“There is another combination which, though utterly absurd from a therapeutical point of view, is not in itself quite so dangerous as coca wine. It will probably do a larger amount of mischief, however, because more people take it. I refer to the various preparations, so largely advertised, which profess to be compounded of port wine, extract of malt, and extract of meat. To the medically uneducated public this doubtless seems a most promising combination: extract of meat for food, extract of malt to aid digestion, port wine to make blood. Surely the very thing to strengthen all who are weak, and to hasten the restoration of convalescents. Unfortunately what the advertisements say—that this stuff is largely prescribed by medical men—is not wholly untrue.

“I do not suppose that any physician of anything like front rank would make such a mistake. But busy general practitioners may be excused if they prove to be a bit oblivious of physiology, and so become attracted by a formula which is more plausible than sound. In the first place, we all know that extract of meat is not food at all. From the manner of its production, it cannot contain an appreciable quantity of proteid material. It consists mainly of creatin, and creatinin, and salts. These are, it is needless to say, incapable of acting as food. Extract of meat, and similar preparations, have their uses however; made into ‘beef-tea,’ their meaty flavor often enables patients to take a quantity of bread, which would otherwise be refused; or lentil flour, or some other matter may be added. In this way, though not food itself, it becomes a most useful aid to feeding. It is besides, a harmless stimulant, especially when taken, as it always should be, hot. It should be needless to add that to combine extract of meat with port wine is simply to ignore its real use. The only intelligible basis for such an invention must be the wholly erroneous notion that extract of meat is a food.”

The prices asked for “secret nostrums” are said by chemists to be ofttimes far beyond the value of the materials. Of one article the New Idea, a druggists’ paper, says:—

“It retails at $1.50 per bottle. Such an article could be put up for less than fifteen cents, including bottle, leaving by no means a small margin for the profit of its manufacturers.”

The same paper says of a cure for catarrh, neuralgia, etc. sold in the form of a small ball:—

“This cure costs $2.50 per ball. A handsome profit could be made upon it at 5 cents a ball.”

Some proprietary preparations are not harmful, but are positively inert. The Mass. State Board of Health in report of 1896 gives Kaskine as an example of these. Although sold at a dollar an ounce it was found to consist of nothing but granulated sugar of the fine grade used in homeopathic pharmacy, without any medication or flavoring whatever.

Dr. Edward Von Adelung in an article in Life and Health, Dec., 1897, tells of a well advertised cure for consumption, the analysis of which showed it to be composed of water, slightly colored by the addition of a very small quantity of red wine, and two mineral acids, muriatic and impure sulphuric, in quantities just sufficient to lend it a taste! He says:

“Fortuitously I had the opportunity of observing the influence of this remedy on a consumptive who took it regularly, and who was so enamored of its favorable action that he gave up his business to conduct an agency for its sale. It was not long after he had entered upon his new vocation that I received word of his death, due to pulmonary hemorrhage.”

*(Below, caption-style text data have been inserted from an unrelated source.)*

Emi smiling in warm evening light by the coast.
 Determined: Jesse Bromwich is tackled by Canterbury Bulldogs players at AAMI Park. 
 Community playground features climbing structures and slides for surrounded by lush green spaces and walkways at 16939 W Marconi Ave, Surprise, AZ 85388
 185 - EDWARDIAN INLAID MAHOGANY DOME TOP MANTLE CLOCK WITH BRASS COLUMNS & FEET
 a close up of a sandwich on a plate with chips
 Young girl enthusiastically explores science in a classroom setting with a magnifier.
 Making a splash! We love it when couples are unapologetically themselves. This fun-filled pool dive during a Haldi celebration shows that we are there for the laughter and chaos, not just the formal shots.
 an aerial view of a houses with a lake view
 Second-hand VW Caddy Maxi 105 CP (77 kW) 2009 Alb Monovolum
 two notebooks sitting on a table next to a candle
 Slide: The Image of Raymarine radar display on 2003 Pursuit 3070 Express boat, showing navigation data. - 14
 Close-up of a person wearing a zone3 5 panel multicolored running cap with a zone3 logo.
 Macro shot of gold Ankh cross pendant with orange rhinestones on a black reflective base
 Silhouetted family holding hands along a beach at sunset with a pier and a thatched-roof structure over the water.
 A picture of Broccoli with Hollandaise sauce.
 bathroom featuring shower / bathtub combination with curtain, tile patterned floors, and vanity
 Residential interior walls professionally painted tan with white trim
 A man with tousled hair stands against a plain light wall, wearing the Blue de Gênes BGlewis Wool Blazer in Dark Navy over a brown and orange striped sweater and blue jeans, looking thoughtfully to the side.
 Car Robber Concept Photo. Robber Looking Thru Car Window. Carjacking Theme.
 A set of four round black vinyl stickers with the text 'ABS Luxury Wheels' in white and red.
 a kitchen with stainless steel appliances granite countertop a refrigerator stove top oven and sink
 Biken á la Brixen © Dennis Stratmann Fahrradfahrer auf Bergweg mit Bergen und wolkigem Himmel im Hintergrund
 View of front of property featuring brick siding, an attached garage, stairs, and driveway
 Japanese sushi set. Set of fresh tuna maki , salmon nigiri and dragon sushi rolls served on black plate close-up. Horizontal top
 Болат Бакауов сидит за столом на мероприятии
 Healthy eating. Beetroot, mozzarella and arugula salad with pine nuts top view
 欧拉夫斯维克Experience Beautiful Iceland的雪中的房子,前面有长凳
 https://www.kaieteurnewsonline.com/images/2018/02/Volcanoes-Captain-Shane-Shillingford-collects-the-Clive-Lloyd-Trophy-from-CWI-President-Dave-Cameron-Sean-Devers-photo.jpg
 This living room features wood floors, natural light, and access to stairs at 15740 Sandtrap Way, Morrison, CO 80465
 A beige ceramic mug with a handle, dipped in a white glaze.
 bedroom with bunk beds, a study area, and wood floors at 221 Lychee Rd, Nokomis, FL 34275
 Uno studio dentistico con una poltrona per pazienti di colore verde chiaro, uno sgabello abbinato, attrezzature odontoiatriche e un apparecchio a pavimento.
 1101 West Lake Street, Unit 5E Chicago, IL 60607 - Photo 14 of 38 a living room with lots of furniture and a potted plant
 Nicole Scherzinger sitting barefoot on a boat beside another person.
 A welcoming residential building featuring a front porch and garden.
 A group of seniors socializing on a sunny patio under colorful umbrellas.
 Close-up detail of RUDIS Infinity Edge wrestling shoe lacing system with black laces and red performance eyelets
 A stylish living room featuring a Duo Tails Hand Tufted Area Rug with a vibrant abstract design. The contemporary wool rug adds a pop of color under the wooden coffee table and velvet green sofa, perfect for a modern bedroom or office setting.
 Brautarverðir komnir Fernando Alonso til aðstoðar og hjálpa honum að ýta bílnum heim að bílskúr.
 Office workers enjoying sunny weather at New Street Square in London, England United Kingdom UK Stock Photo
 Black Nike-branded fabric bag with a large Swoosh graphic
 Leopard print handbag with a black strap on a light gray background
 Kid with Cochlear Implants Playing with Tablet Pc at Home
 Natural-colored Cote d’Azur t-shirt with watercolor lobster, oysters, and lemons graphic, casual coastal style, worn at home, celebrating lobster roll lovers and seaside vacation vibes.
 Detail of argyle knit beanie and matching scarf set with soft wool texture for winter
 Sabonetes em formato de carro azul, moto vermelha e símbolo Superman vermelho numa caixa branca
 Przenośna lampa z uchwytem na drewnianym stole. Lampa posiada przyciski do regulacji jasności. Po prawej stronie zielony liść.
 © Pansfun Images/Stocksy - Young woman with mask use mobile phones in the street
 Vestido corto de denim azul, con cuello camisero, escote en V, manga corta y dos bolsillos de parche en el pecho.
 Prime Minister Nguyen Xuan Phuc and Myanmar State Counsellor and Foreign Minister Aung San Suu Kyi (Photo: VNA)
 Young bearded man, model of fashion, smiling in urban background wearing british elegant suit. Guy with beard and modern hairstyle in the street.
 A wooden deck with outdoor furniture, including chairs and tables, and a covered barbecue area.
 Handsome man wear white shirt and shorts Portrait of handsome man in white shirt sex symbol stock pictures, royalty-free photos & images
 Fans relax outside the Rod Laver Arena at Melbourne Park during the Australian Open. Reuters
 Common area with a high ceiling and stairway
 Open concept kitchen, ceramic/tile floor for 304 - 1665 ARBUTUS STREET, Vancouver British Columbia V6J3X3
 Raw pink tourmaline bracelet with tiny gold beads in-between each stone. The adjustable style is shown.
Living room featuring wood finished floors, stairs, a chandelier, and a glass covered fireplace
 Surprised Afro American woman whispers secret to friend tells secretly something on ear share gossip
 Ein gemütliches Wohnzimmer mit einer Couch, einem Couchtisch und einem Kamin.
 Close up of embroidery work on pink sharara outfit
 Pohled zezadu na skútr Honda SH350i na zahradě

The “returned missionary” fraud has been exposed by different druggists’ papers, among them the New Idea. The “missionary” would advertise a “free cure,” if people would send to him. The “cure” would be in the form of a prescription. There being no drugs in any drugstore bearing the names given in the prescription, the dupe was expected to pay an exorbitant price for them to the philanthropic “missionary.” In one case of this kind the “medicinal plants brought from South America, the only place where they grew,” were upon examination by chemists of the New Idea found to be ordinary drugs, not one of which comes from South America.